Morae: Proactively Pausing UI Agents for User Choices
Yi-Hao Peng, Dingzeyu Li, Jeffrey P. Bigham, Amy Pavel
2025-09-01
Summary
This paper introduces a new type of helper program, called a UI agent, designed to help people with vision impairments use computers and the internet more easily.
What's the problem?
Current UI agents try to do everything automatically, which can be frustrating for users because they don't get to make choices or even know what's happening. Imagine asking an agent to buy something and it just picks one option without telling you about other similar, potentially better, choices. This takes away the user's control and ability to get exactly what they want.
What's the solution?
The researchers created a UI agent called Morae that's different. Instead of doing everything on its own, Morae pauses at important points and asks the user what they want to do. It uses advanced AI to understand what the user is asking for, look at the computer screen, and then ask clarifying questions when there are multiple options.

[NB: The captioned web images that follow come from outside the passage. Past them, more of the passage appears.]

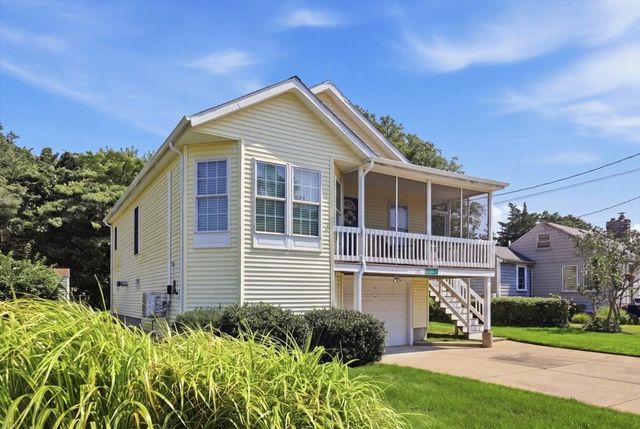 129 Balsam St, Fairhaven, MA 02719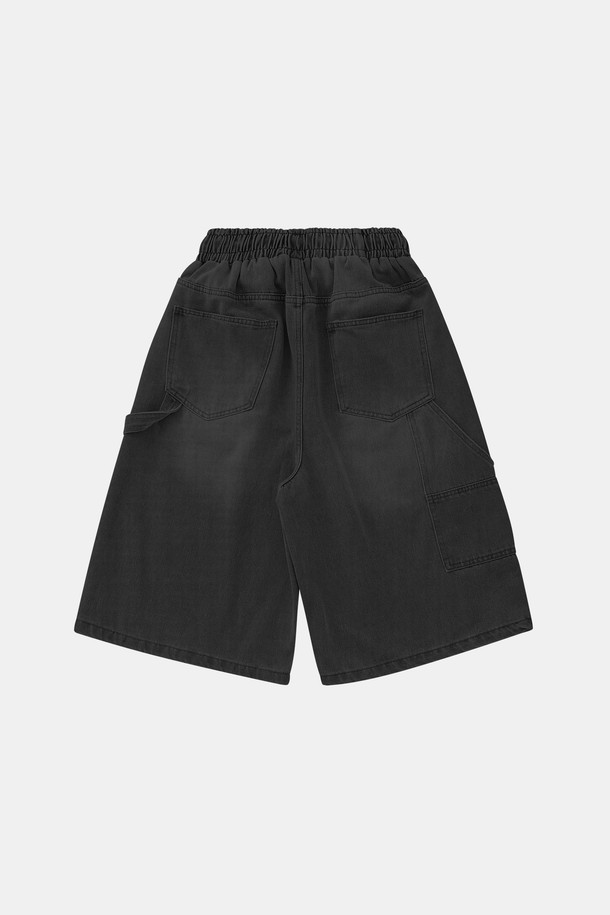 **와이드 카펜터 데님 하프 팬츠 CSPT120**

남성용 와이드핏 데님 하프 팬츠로, 시원하고 편안한 캐주얼 스타일을 연출합니다. 블루와 블랙 두 가지 색상으로 출시되었으며, 카펜터 포켓 디테일이 특징입니다. 5부보다 약간 긴 기장과 내구성 있는 데님 소재로 제작되어 봄, 여름, 가을, 겨울 사계절 모두 활용 가능합니다.
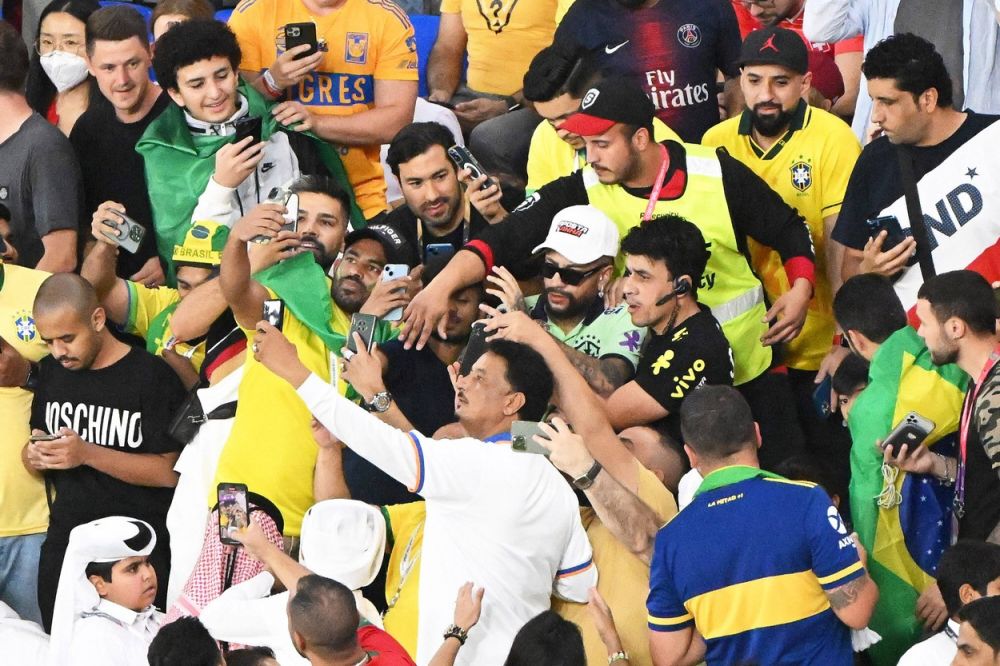Fanii Braziliei au uitat de meci! S-au pozat cu ”Neymar”, în timpul partidei Brazilia - Elveția_9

This way, the user stays in control and can make informed decisions.
Why it matters?
This work shows the value of a 'mixed-initiative' approach, where the computer helps, but the user still has the final say. By giving users more control, Morae helps them complete tasks more successfully and find options they actually prefer, making technology more accessible and useful for everyone.
Abstract
User interface (UI) agents promise to make inaccessible or complex UIs easier to access for blind and low-vision (BLV) users. However, current UI agents typically perform tasks end-to-end without involving users in critical choices or making them aware of important contextual information, thus reducing user agency. For example, in our field study, a BLV participant asked to buy the cheapest available sparkling water, and the agent automatically chose one from several equally priced options, without mentioning alternative products with different flavors or better ratings. To address this problem, we introduce Morae, a UI agent that automatically identifies decision points during task execution and pauses so that users can make choices. Morae uses large multimodal models to interpret user queries alongside UI code and screenshots, and prompt users for clarification when there is a choice to be made. In a study over real-world web tasks with BLV participants, Morae helped users complete more tasks and select options that better matched their preferences, as compared to baseline agents, including OpenAI Operator. More broadly, this work exemplifies a mixed-initiative approach in which users benefit from the automation of UI agents while being able to express their preferences.